Task to complete:
Using the listing below, print the line containing "Φωτιστικό Κρεμαστό Μονόφωτο", the line containing "Prada Pre-Owned Re-Edition", and each line between them, exactly and nothing else. Pictures stay out of the print.

Raw data:
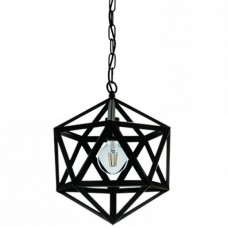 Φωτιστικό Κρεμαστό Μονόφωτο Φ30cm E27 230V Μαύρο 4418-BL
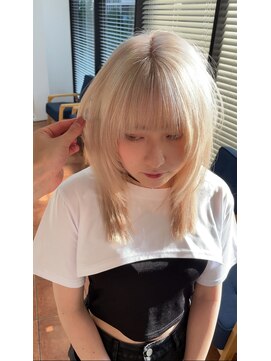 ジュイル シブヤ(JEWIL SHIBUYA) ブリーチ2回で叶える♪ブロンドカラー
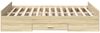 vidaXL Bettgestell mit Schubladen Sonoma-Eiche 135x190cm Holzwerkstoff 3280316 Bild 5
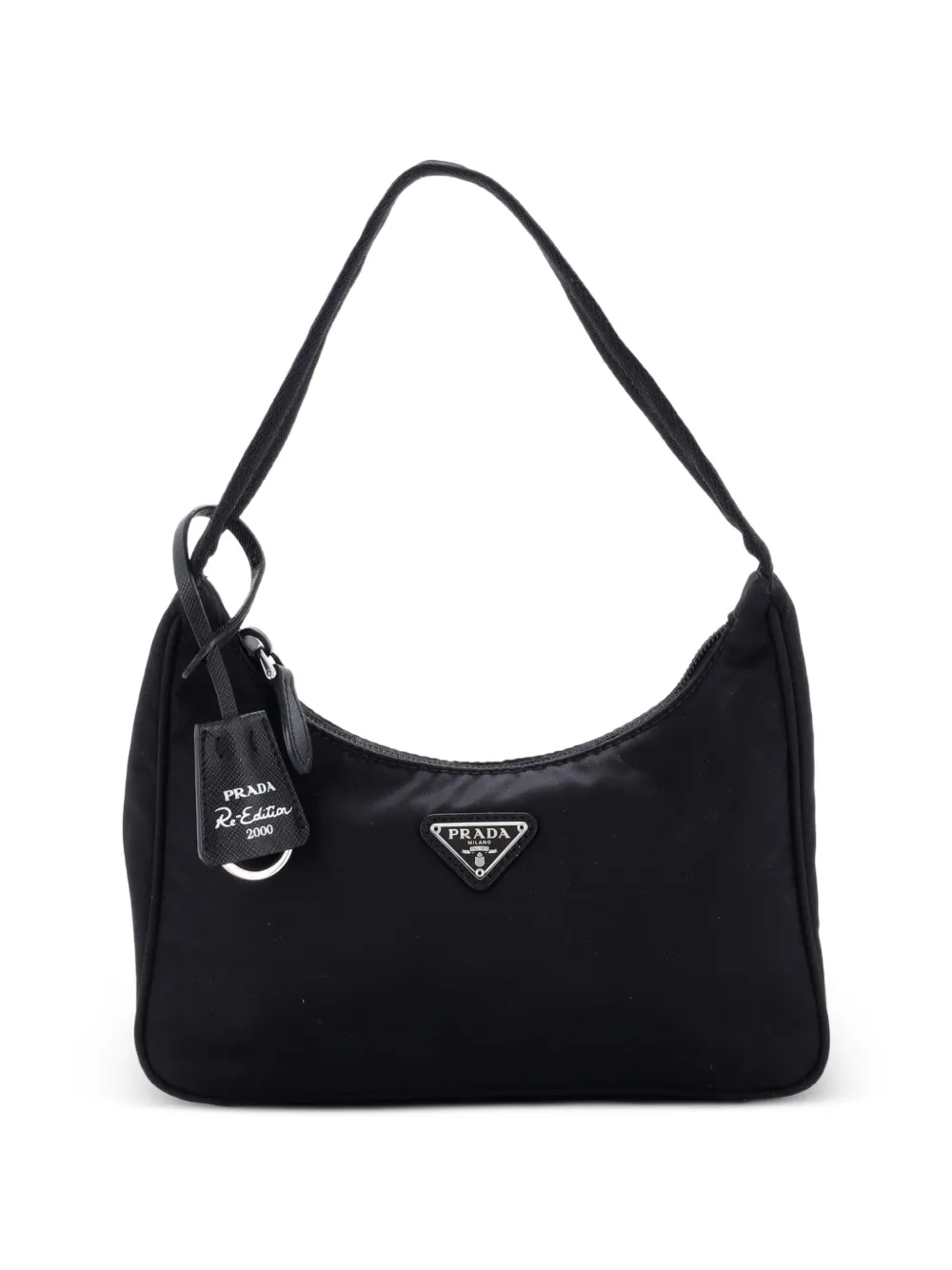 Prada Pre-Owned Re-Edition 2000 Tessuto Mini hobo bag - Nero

...

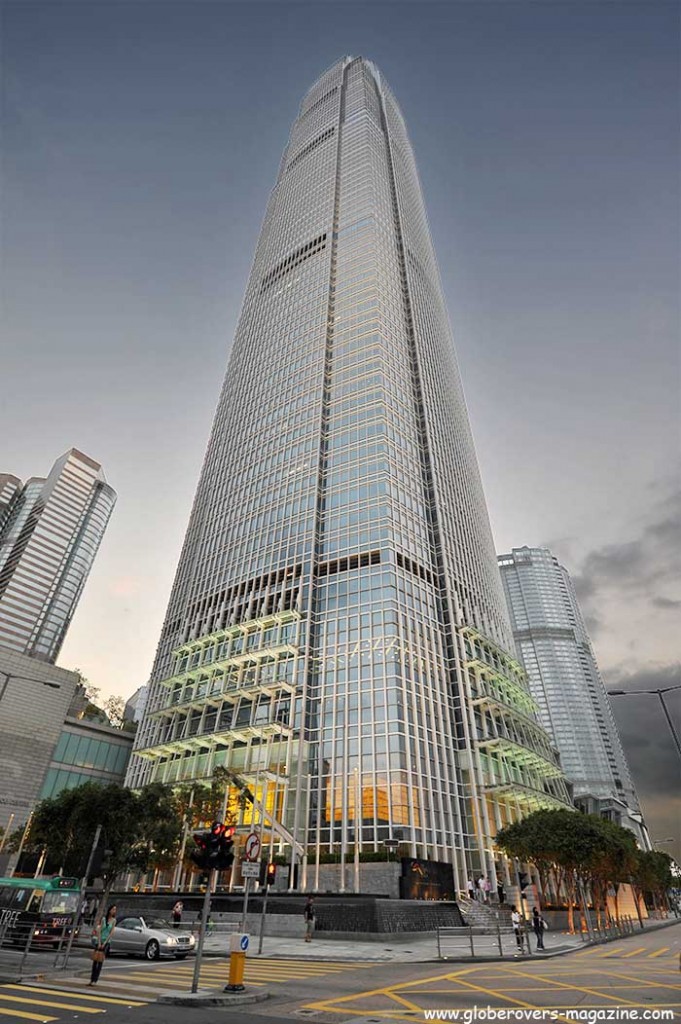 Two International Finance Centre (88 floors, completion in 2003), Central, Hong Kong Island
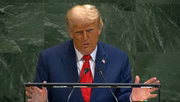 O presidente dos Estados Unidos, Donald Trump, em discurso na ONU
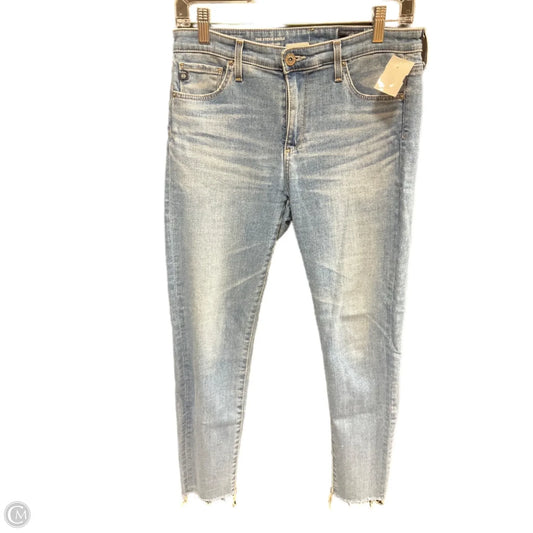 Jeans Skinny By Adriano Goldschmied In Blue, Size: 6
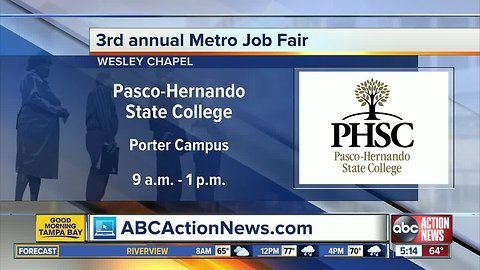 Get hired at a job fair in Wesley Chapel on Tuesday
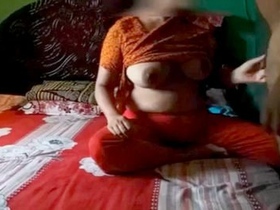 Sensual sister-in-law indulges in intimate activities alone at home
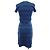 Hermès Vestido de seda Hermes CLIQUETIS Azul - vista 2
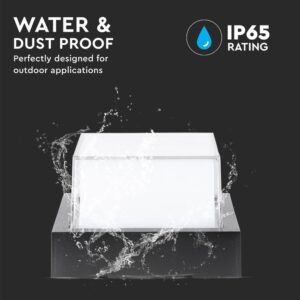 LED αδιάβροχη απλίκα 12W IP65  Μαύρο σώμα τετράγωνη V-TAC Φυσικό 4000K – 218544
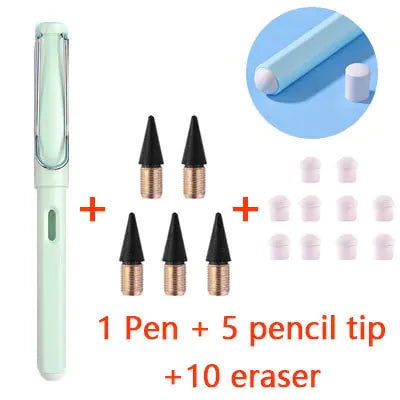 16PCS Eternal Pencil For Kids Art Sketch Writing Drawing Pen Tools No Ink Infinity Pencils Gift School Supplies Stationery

Written answer:
 Φωτιστικό Κρεμαστό Μονόφωτο Φ30cm E27 230V Μαύρο 4418-BL
 ジュイル シブヤ(JEWIL SHIBUYA) ブリーチ2回で叶える♪ブロンドカラー
 vidaXL Bettgestell mit Schubladen Sonoma-Eiche 135x190cm Holzwerkstoff 3280316 Bild 5
 Prada Pre-Owned Re-Edition 2000 Tessuto Mini hobo bag - Nero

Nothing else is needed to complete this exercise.